For all of the other languages, the researchers discovered, the more data-dense the average syllable is, the fewer of those syllables had to be spoken per second — and the slower the speech thus was. English, with a high information density of .91, is spoken at an average rate of 6.19 syllables per second. Mandarin, which topped the density list at .94, was the spoken slowpoke at 5.18 syllables per second. Spanish, with a low-density .63, rips along at a syllable-per-second velocity of 7.82. The true speed demon of the group, however, was Japanese, which edges past Spanish at 7.84, thanks to its low density of .49. Despite those differences, at the end of, say, a minute of speech, all of the languages would have conveyed more or less identical amounts of information….

So basically, with some languages it takes more syllables to say the same thing. So you have to say them faster to arrive at the same destination in the same amount of time. Weird that people around the world would be synchronizing their clocks that way.

Now you know.

10 thoughts on “Why do some languages sound so fast?

  1. Herb Brasher

    I wonder if some cultural aspects don’t play into it, though. Do some people groups lend more to speaking their mind quickly, and others less so? A guestion for a cultural-anthropologist-linguist, I guess.

    Also, I think different dialects of a language change the speed ratio. Schwaebisch, I would bet, is spoken faster than ‘high’ German. The very fact of ‘clipping’ endings that happens in dialect would speed up speech.

    Unless, of course, one is from Cah-oh-linn-aaaah.

  2. Juan Caruso

    Are we prepared?

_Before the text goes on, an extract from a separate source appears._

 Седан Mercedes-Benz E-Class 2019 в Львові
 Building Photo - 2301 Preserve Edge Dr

There is little doubt that politically correct argot has/will set our English language back (reliability and confidence level) by decades.

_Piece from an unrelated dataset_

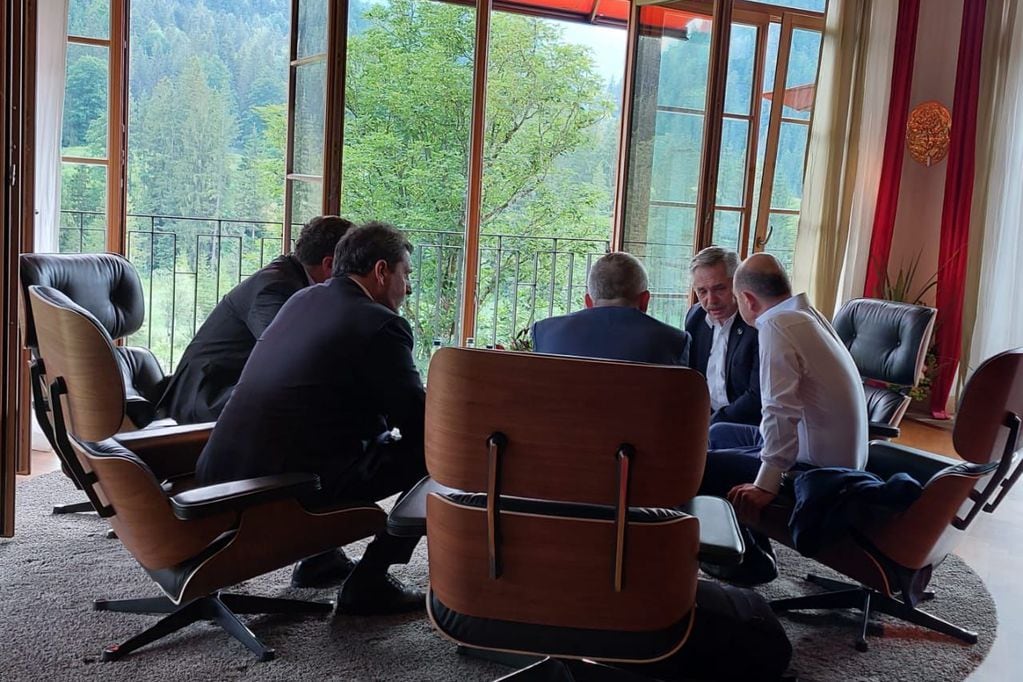 El presidente de la Cámara de Diputados, Sergio Massa, acompaña al presidente  Alberto Fernández en la Cumbre del G-7 en Alemania.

    Just wonderful (kidding, of course)!

  3. Scout

    Thanks! I love this article. Mark, my guess is you are right – the auditory cortex probably has an average processing rate for morphemes (unit of meaning) per unit of time. You can measure young children’s level of language development by how many morphemes per utterance they use. I wonder if that is also standard across languages – I only know the research for English.

  4. Ralph Hightower

    Okay, I read the full report. Spanish is fast.

    I would listen to a friend talk to his relatives in Puerto Rico while sitting with him on his patio on Lake Murray.

    “Bill” fled Cuba when Castro took over the country.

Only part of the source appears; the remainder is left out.